Die europäische Luftfahrtbehörde EASA hat eine dringende Sicherheitswarnung für den Luftraum über mehreren Golfstaaten herausgegeben. Aufgrund der erneuten Eskalation des Konflikts zwischen den USA und dem Iran sollen Fluggesellschaften die Lufträume von Bahrain, Kuwait, Katar und den Vereinigten Arabischen Emiraten sowie Teile des Golfs von Oman vorerst meiden. Die Empfehlung gilt für alle Flughöhen und richtet sich an europäische Airlines sowie internationale Gesellschaften mit EASA-Genehmigung, die Flüge von, nach oder innerhalb der EU durchführen.

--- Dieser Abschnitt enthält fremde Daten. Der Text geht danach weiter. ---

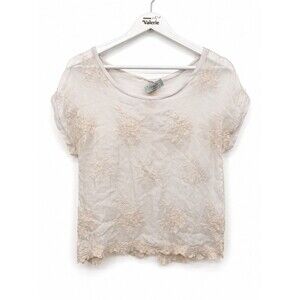 Angela Moda Ivory Lace Sheer Short Sleeve Top Silk Blend Coquette Floral Small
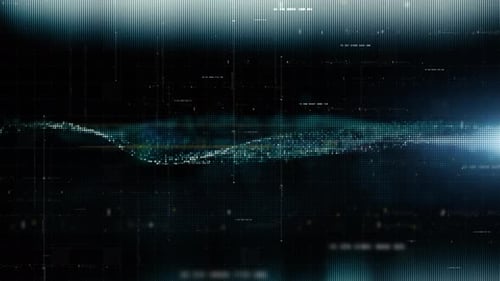 Abstract Flowing Data Matrix and Particles Simulation HUD Background 02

Hintergrund der Warnung: Iranische Drohnen und Raketen
Die neue Sicherheitswarnung (Conflict Zone Information Bulletin CZIB-2026-07) wurde am 14. Juli 2026 veröffentlicht und gilt zunächst bis zum 29. Juli 2026. Die EASA begründet den Schritt mit schweren Zwischenfällen trotz eines zuvor vereinbarten Waffenstillstands zwischen den USA und dem Iran. Nach Einschätzung der Behörde besteht die Gefahr, dass die betroffenen Staaten direkt Ziel von iranischen Raketen- oder Drohnenangriffen werden könnten. Hintergrund sind unter anderem große US-Militärstützpunkte in mehreren Golfstaaten.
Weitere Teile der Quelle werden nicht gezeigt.